Per conoscere il grado di civiltà di un popolo, Mario Pagano invitava a leggerne il codice penale, al fine di verificare se e come quel popolo riconoscesse e garantisse i diritti degli inquisiti. Gli studi giuridici di Mario Pagano privilegiavano i profili criminalistici, se fosse stato un tributarista avrebbe forse suggerito di sfogliare il codice tributario per verificare se e come un popolo riconosca i diritti dei contribuenti e come contrasti l’evasione fiscale.
La questione fiscale offre la materia prima per costruire la giustizia sociale. Lo sapeva bene Giacomo Matteotti, il quale, come è stato scritto di recente, vi trovò «il terreno ideale e la via per quella equità, quella uguaglianza, quella parità di trattamento di cui sentiva l’assoluta urgenza». Al punto da abbandonare gli studi di diritto penale, il suo primo amore, per dedicarsi a quelli della fiscalità1.
Non tutti i popoli, però, hanno un codice tributario. Anzi sono pochi ad averlo: gli Stati hanno preferito avere mano libera nella attività di reperimento delle risorse essenziali per la loro vita, potendo contare (è un mio sospetto) su una legislazione frammentaria e asistematica.

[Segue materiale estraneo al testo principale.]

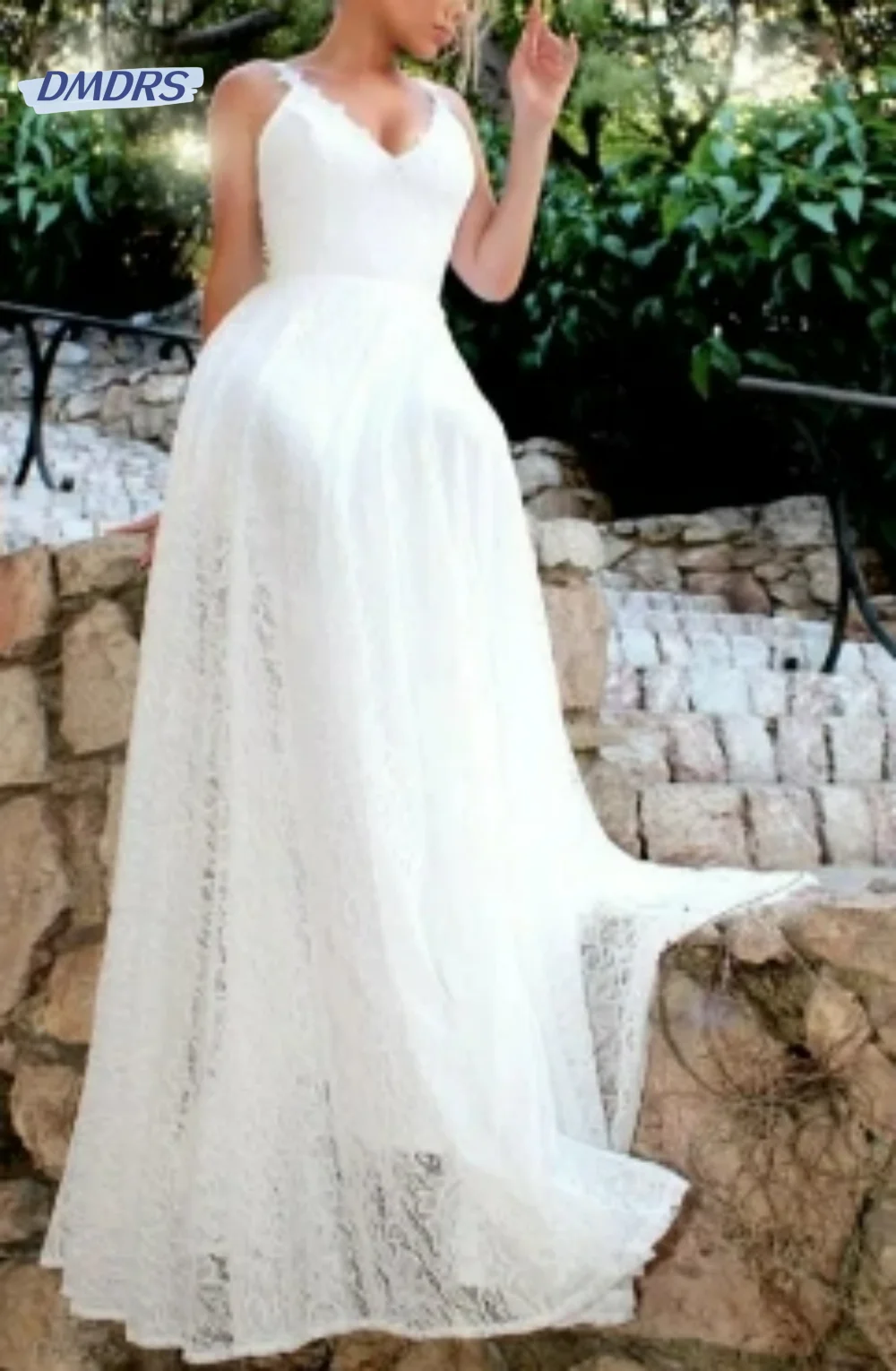 Bohemian V Yaka Abiye Zarif Kat uzunlukta Gelin Elbise Klasik Modern A-line gelin kıyafeti Vestidos De Novia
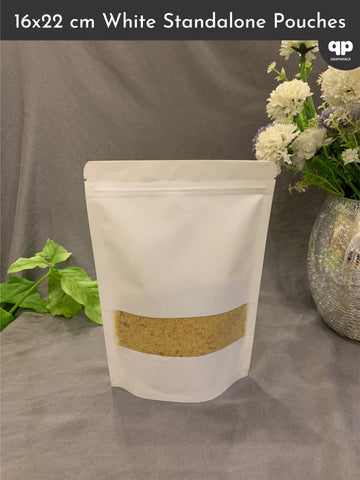 White Standup Pouch 16x22cm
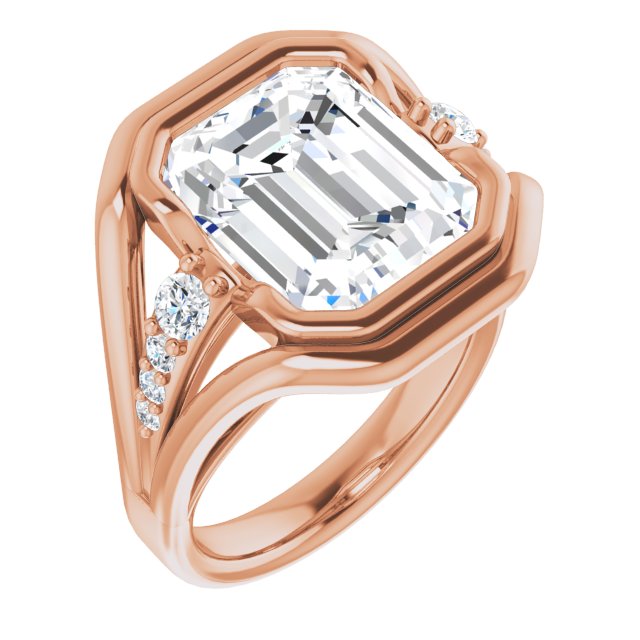 10K Rose Gold Customizable 9-stone Emerald/Radiant Cut Design with Bezel Center, Wide Band and Round Prong Side Stones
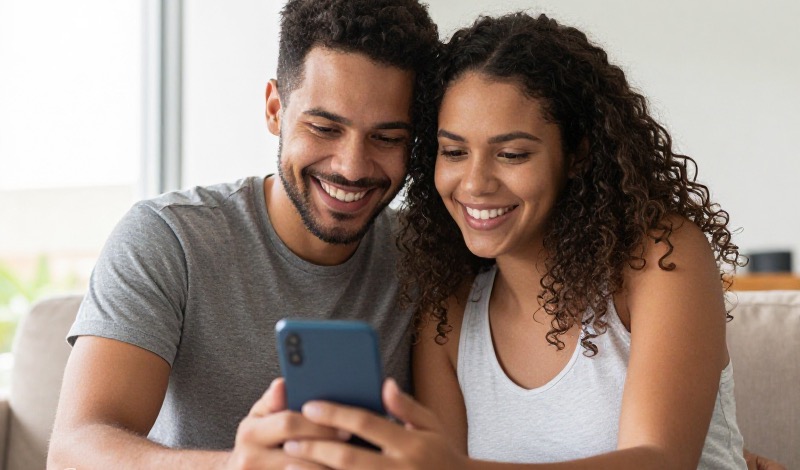 Um jovem casal brasileiro sorrindo durante uma videochamada no celular, clima leve e positivo, luz natural quente.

Il codice tributario non c’è nemmeno in Italia, ma il governo si è impegnato ad adottarlo nel giro di qualche anno. Il Laboratorio fiscale dell’Istituto S.Pio V intende seguire il percorso che dovrebbe portare alla codificazione, con attività di divulgazione, di promozione della ricerca, di analisi critica e di proposte. È un percorso destinato a segnare la nostra civiltà fiscale, al quale l’Istituto sente il dovere di partecipare.
(A.M.)
1 V. F. Tundo, La riforma tributaria. Il metodo Matteotti, Bologna 2024, pp. 7 e 8.